If I ran the function that I am trying to create on Example #1 I am hoping it'd return 3 words. For Example #2 I'd hope that my function returns 8 words.
So far my function looks like this:
function doPost(e) {
var docUrl = e.parameter.docUrl
var text = DocumentApp.openByUrl(docUrl).getBody().getText()
var wordCount = text.split(" ").length
return ContentService.createTextOutput(wordCount.toString()).setMimeType(ContentService.MimeType.TEXT)
}
This returns a word count for the entire document. Any advice to point me in the right direction?
For more dynamic, appropriate and accurate solution, execute the following snippets before the split () function. Regular Expressions often used to provide dynamic solutions. It is a must have skill.
text = text.replace(/(^\s*)|(\s*$)/gi,""); // remove the start and end spaces of the string (like trim ())
text = text.replace(/[ ]{2,}/gi," "); // filter out one or more spaces
text = text.replace(/\n /,"\n"); // filter out news lines with spacing at beginning
wordCount = text.split(" ").length;
Here is a solution to your problem you can log the difference of characters and words or you can log the total amount of words or characters in the two sentaces.

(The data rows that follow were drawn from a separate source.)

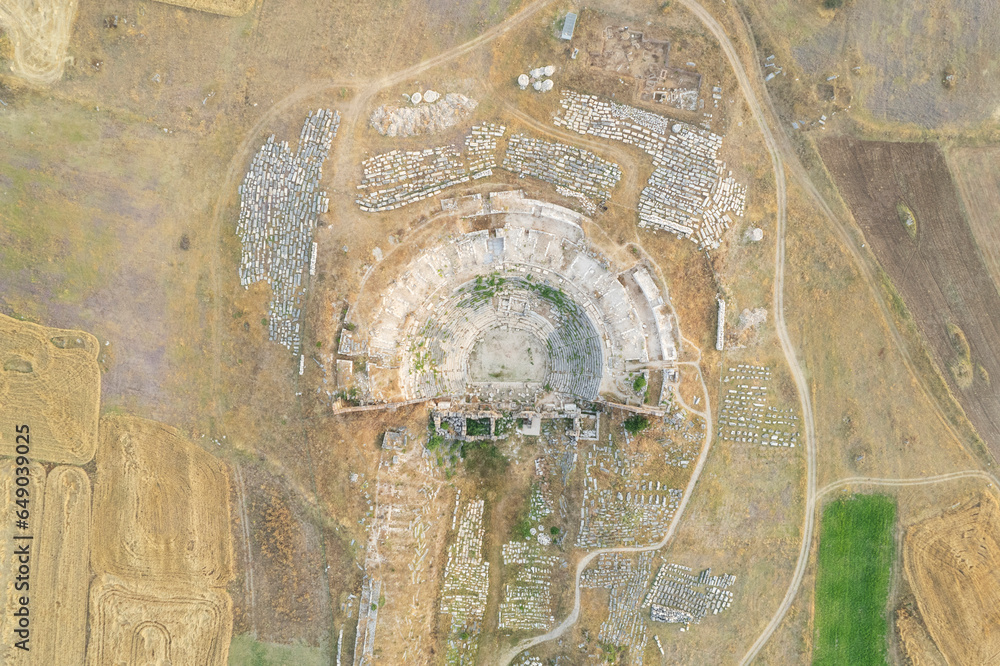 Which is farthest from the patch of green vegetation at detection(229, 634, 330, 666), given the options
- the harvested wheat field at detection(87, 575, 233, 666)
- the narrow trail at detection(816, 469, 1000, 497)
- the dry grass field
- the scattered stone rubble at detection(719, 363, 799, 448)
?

You are also going to want to put the bigger sentence on top, otherwise it will give you a negative number.
var x = "count these words";
var y = "count words";
function findCharDif(word1, word2) {
var word1length = word1.length;
var word2length = word2.length;
var difference = word1length - word2length;
var total = word1length + word2length;
console.log(difference);
console.log(total);
}
function findWordDif(sentence1, sentence2) {
var words1 = 0;
var words2 = 0;
for (var i = 0; i < sentence1.length; i++) {
if (sentence1[i] == " ") {
words1++;
} else {
continue
}
}
for (var a = 0; a < sentence2.length; a++) {
if (sentence2[a] == " ") {
words2++;
} else {
continue
}
}
var difference = (words1 + 1) - (words2 + 1); // this logs out the difference of words between the sentences
var totalWords = (words1 + 1) + (words2 + 1); // this logs out the total amount of words
console.log(difference);
console.log(totalWords);
}
findCharDif(x, y);
findWordDif(x, y);
The below code seems to have worked! Was able to sit down with someone and solve it with them:
function doPost(e) {
var docUrl = e.parameter.docUrl
/*
var text = DocumentApp.openByUrl(docUrl).getBody().getText()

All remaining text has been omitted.